While many ports update trivially, and such a service could help with that, I do not find it inconvenient to manually run "port livecheck maintainer:ryandesign" every so often, and then run my update script for those ports that need it, verify it builds, and commit it.
More time is spent on the nontrivial updates, and I feel that that comprises a nontrivial portion of the updates. A new version of a program may require a new library. A new library may have a new major library version, necessitating identifying and revbumping all ports linking with it. A port may have had a stealth update on the previous version, necessitating removing the lines of code dealing with that when updating.

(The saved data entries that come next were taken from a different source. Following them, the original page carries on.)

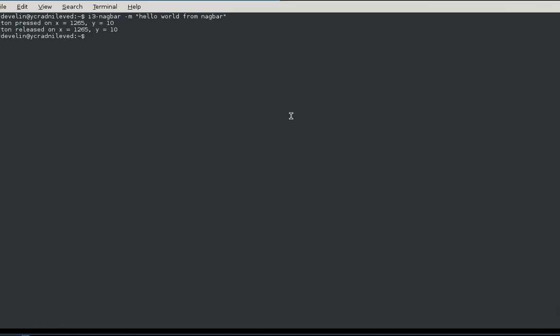Now let's say you want to do something like, you have two options, you want to run two different scripts. You can do -b for the button, and then you say a label for it, let's say 'yes', and after that label you want the script for it to run.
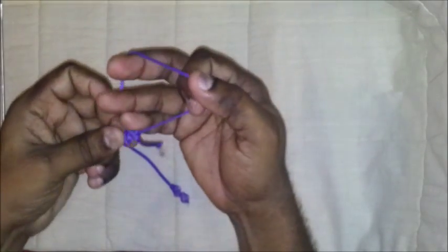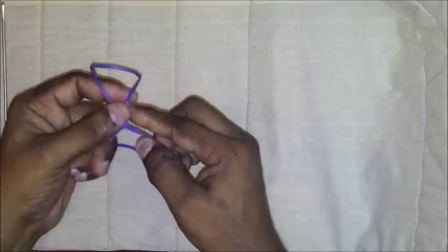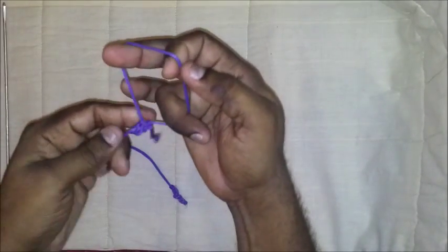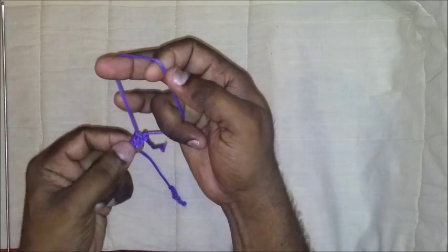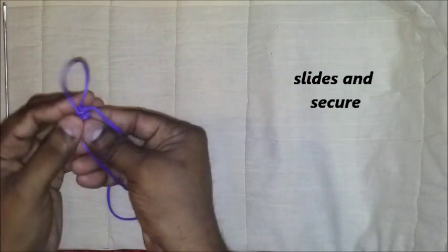Now this knot is ready. This knot is now ready to be assembled over the knot pusher and it slides easily. It is secure.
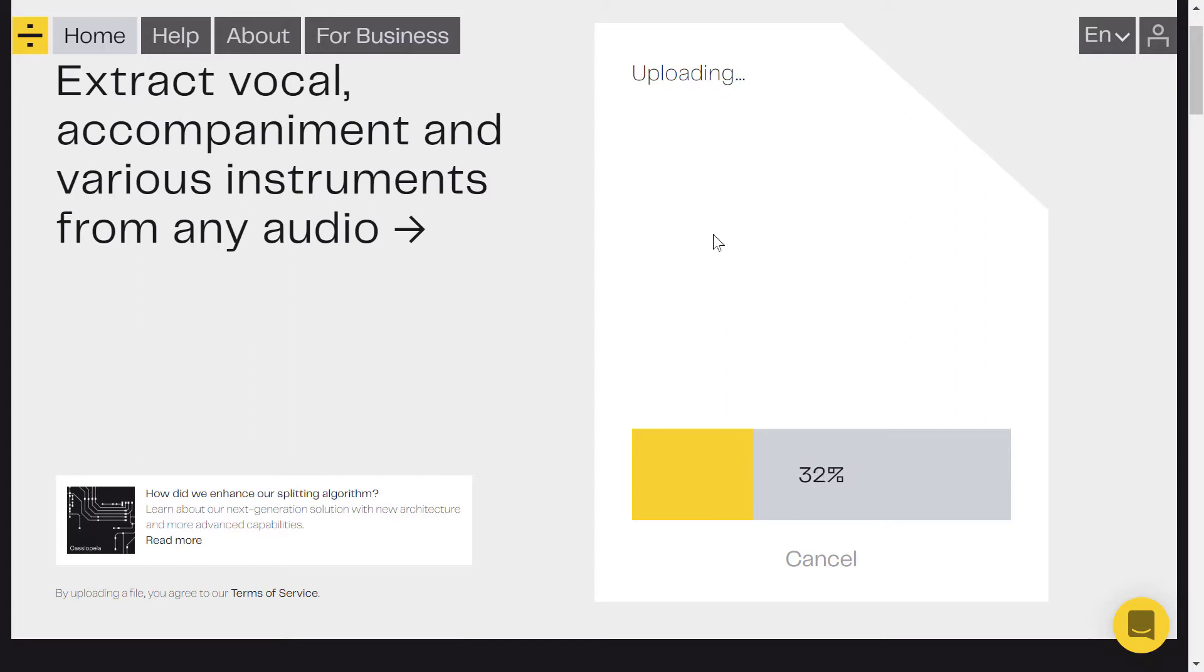But before that I need to make you hear the original sound before the separation, right? So this is my file, let's hear it. I will start right now.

And there are countless other little bits and pieces that tend to get updated at the same time as version updates. If the port doesn't indicate its license, I try to find it and indicate it. If I haven't added size to the checksums yet, I'll do that. If I haven't added my GitHub handle to the maintainers line yet, I'll do that. If a patchfile needs to be refreshed, I'll do that. If we've agreed that we want to defaulting to a newer version of Python, and this port uses an older version, I'll update it. If I notice something in the port that does not conform to our current best practices, I'll try to fix it. If the port's whitespace is wrong, I'll fix it.

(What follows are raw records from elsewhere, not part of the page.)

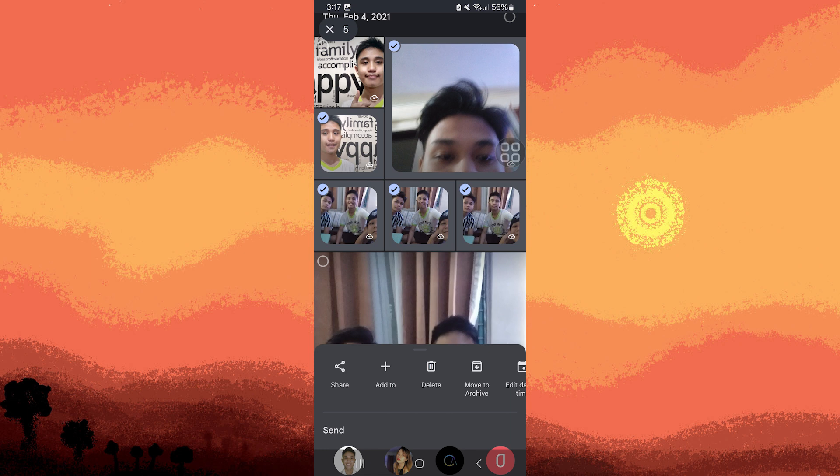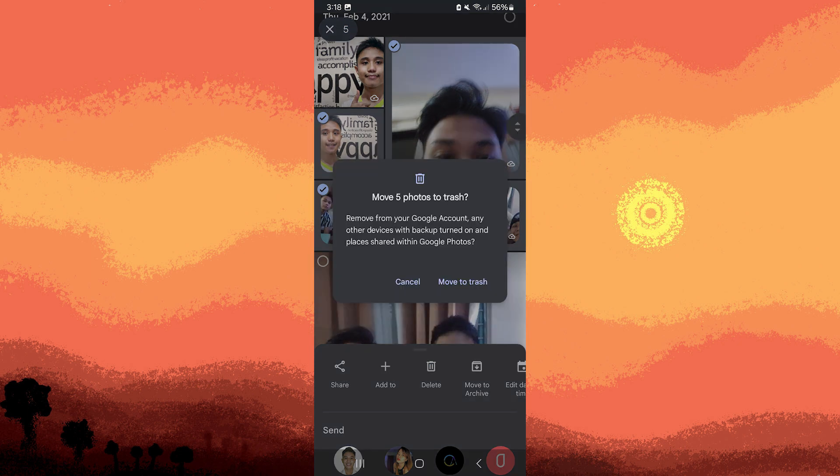After choosing the blurry photos, look for the trashcan icon or the delete option. This is usually located at the bottom or the top of the screen. Tap on the trashcan icon or the delete option to confirm that you want to delete the selected photos.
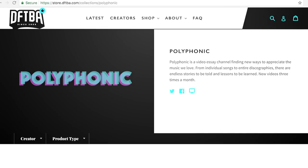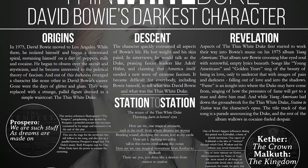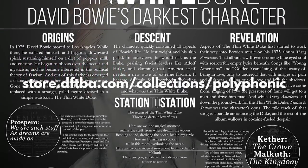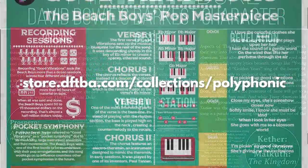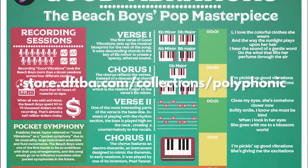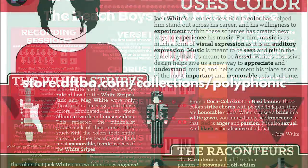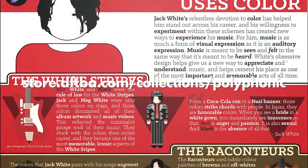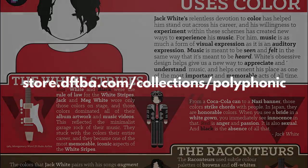Before we get started, I just wanted to remind you all that there's Polyphonic merch available at dftba.com. If you've ever wanted a Polyphonic video on your wall, this is the way to do it. I've got posters I made that I'm really proud of, so please just go check it out, show some love, and support the channel. Thank you so much, and I hope you enjoy the video.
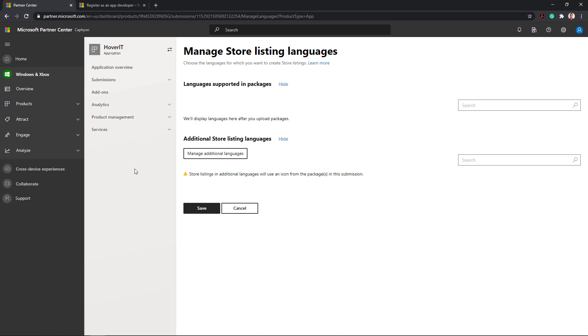Using additional store listing languages, you can add multiple store interface listings in different languages.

These fixes may be in several commits but none of them would've happened if I hadn't looked into the portfile. Many times, a version update is the only time when I'll actually look at a portfile. If the basics were fully automated for me, I might never look at the portfiles, and never see all the horrible outdated methods it's using, which, were another developer to look at the portfile, might give them an incorrect impression of what our best practices are. I'm still constantly seeing developers submit portfiles that do something in a convoluted way, because they copied the code out of an old portfile, instead of using new simpler methods that had been developed since then.
If your suggestion would only apply to ports that have test phases, then that will apply to few ports indeed. And it presumes that the test suite should pass. I seldom run my ports' test suites, but I know some of the test suites don't pass. I don't let that stop me from updating the ports. If, for example, glib2's collation test doesn't pass, and it's been that way for years and the developers don't address the upstream ticket, not updating the port won't help anyone.

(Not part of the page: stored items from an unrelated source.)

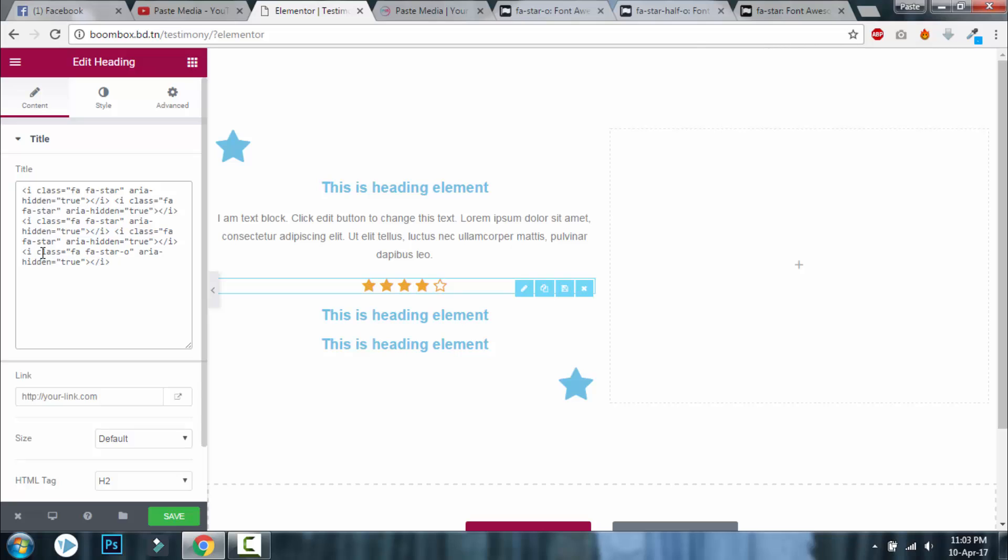In case you need it, this is how you insert stars in review design in Elementor page builder. I hope this video helps you. If you have any questions, please leave a comment below or go to my website psmedia.org and initiate a live chat. Thanks for watching again.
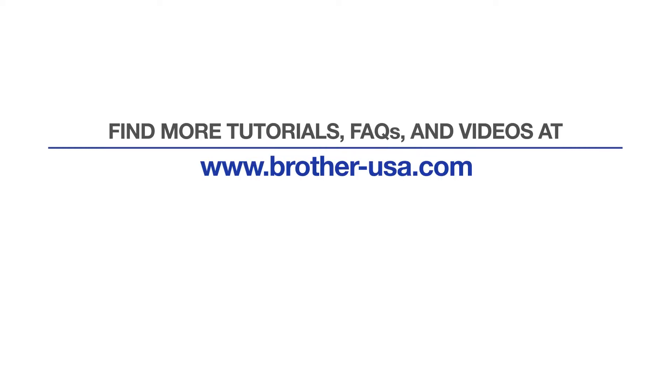For more tutorials, FAQs, and videos, visit us at brother-usa.com/support. If you found this video helpful, be sure to subscribe. Thank you for choosing Brother.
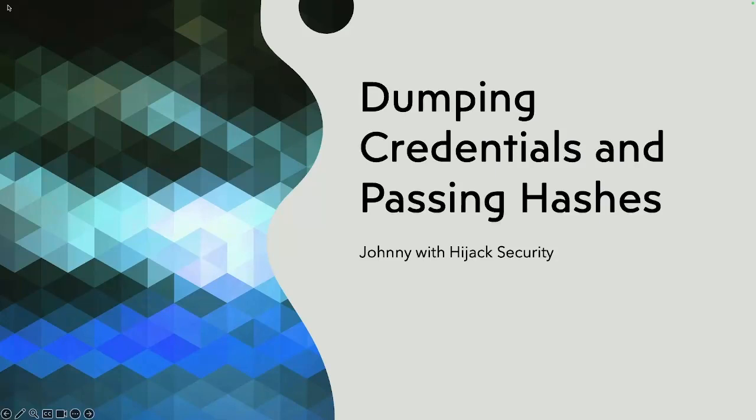Hey, what's going on guys? Johnny with Hijack Security, presenting you a video on dumping hashes and passing credentials.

Perhaps automatically running the test suite sometime would help remind me and other maintainers that they're there, remind us of the test failures, encourage us to work with the developers to finally resolve the problems. Perhaps we should be more vigilant about looking for test suites and setting the port up to run them if available. Automatically running the test suite is something we could possibly add to the existing mpbb program used by the Buildbot and the Travis setup. If we want maintainers to notice the results and do something about them, we'd have to fix the problem where the emails the Buildbot sends don't always get delivered, and we'd have to add the test results into the email.
I guess I feel that test suites are not really our problem. It's nice that we have facilities for running them in MacPorts, for interested parties, but the responsibility for ensuring that a program's tests pass is the developers', not ours.